___ The data

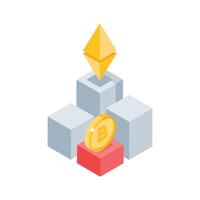 Check out this isometric icon featuring cryptocurrencies concept vector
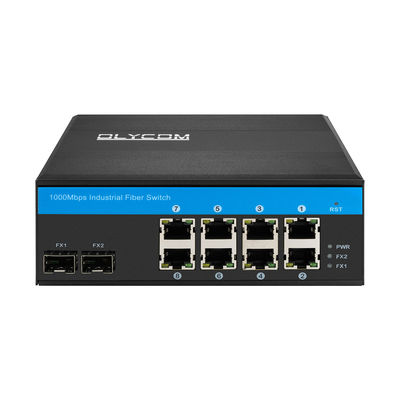 Calidad  48VDC DIN Rail Mounting Industrial Unmanaged POE Switch 8 Gigabit RJ45 Ports fábrica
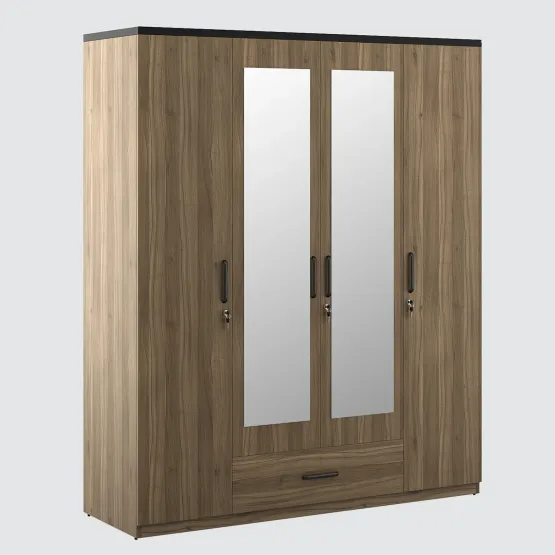 Hover 4 Door Wardrobe With Mirror - Lyon Walnut & Natural Wenge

______

Assigned task:
Give the listing again in full, exactly as it is, but without its images.

Output below:
 Check out this isometric icon featuring cryptocurrencies concept vector
 Calidad  48VDC DIN Rail Mounting Industrial Unmanaged POE Switch 8 Gigabit RJ45 Ports fábrica
 Hover 4 Door Wardrobe With Mirror - Lyon Walnut & Natural Wenge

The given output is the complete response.